Wann ist dieses Rezept anzuwenden?

Die Herausforderungen der Transformationsprozesse und der damit verbundene Anstieg der Wissensarbeit ermöglichen bzw. erfordern eine Weiterentwicklung im Rollenverständnis des Betriebsrats. Ganz im Sinne eines systemischen Managementansatzes gilt es auch hier die alten funktionalen Rollenmuster aufzubrechen und damit auch eine Neu-Definition in der Arbeit des Betriebsrats zu wagen.

Wenn der Betriebsrat die Veränderungs- und Transformationsprozesse des Unternehmens als „Social Adviser“ und „Social Coach“ vor Ort aktiv mitgestaltet, dann können auf diese Weise nachhaltig neue Arbeitsbeziehungen im Unternehmen entstehen.
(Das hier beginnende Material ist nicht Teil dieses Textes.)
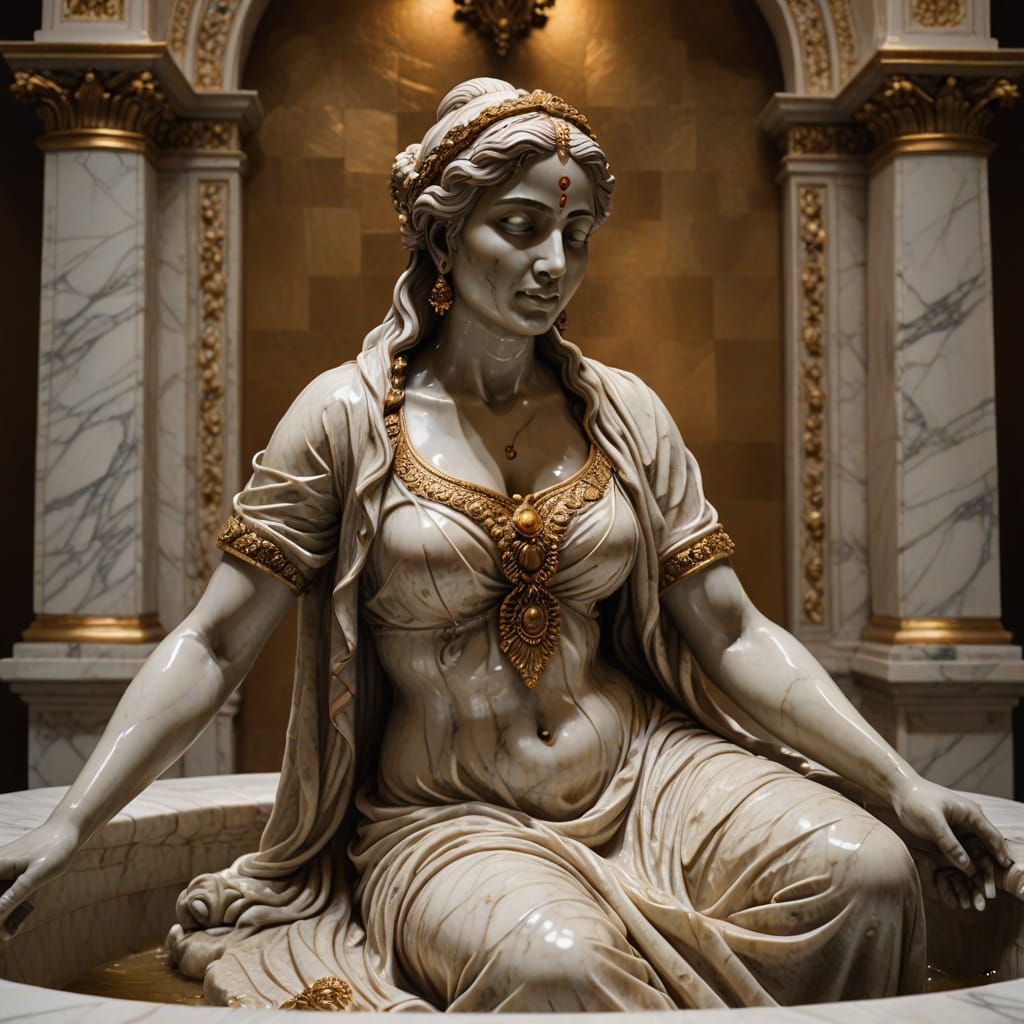 Indian Woman Bathing: Baroque Marble Sculpture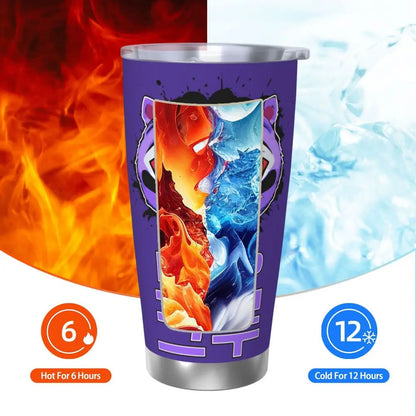 KPop Demon Hunters - Derpy  Insulated Tumbler with Lid Vacuum Thermal Mug Outdoor Travel Car Bottle Cup, 20oz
Arbeitsbeziehungen, die die Grundlage und den Rahmen für resiliente und neugierige Entwicklungen bilden – Entwicklungen sowohl auf der Ebene des Unternehmens als Ganzes als auch auf der individuellen Ebene der Mitarbeitenden. Arbeitsbeziehungen, die

  1. der gewachsenen Bedeutung der Fachkräfte und der Wissensarbeiter für den Unternehmenserfolg gerecht werden,
  2. die zweitens die notwendige und gewünschte Selbstorganisation in der Arbeitsgestaltung ermöglichen und
  3. gewährleisten, dass die sozialen und sonstigen Bedürfnisse der Mitarbeitenden systematisch und vorausschauend mit in die Arbeitsorganisation und die Entscheidungsfindung einbezogen werden.

Ein auf diese Weise erweitertes Rollenverständnis des Betriebsrats kann auch verhindern, dass die „alten“ Konfrontationslinien zwischen Unternehmensleitung und Arbeitnehmervertretung in den angespannten und belastenden Phasen der Transformationsprozesse wieder neu aufleben. Denn ein Betriebsrat, der als „Social Adviser“ und als „Social Coach“ die Transformation mitgestaltet, kann sehr wirksam dabei helfen, die Sorgen und Ängste der Mitarbeitenden frühzeitig zu entkräften und vor Ort passende neue Lösungen und Entwicklungen mitzugestalten. Für die Mitarbeitenden erwächst dann das wichtige persönliche Gefühl von Sicherheit nicht nur aus dem Arbeitsvertrag und der Stellenbeschreibung. Viel stärker wirken hier die persönlichen Beziehungen im Team und statt der Führungskraft sowie die Einbindung und Beteiligung bei den betrieblichen Entwicklungsprozessen – die jeweils aktiv und vor Ort vom Betriebsrat begleitet werden.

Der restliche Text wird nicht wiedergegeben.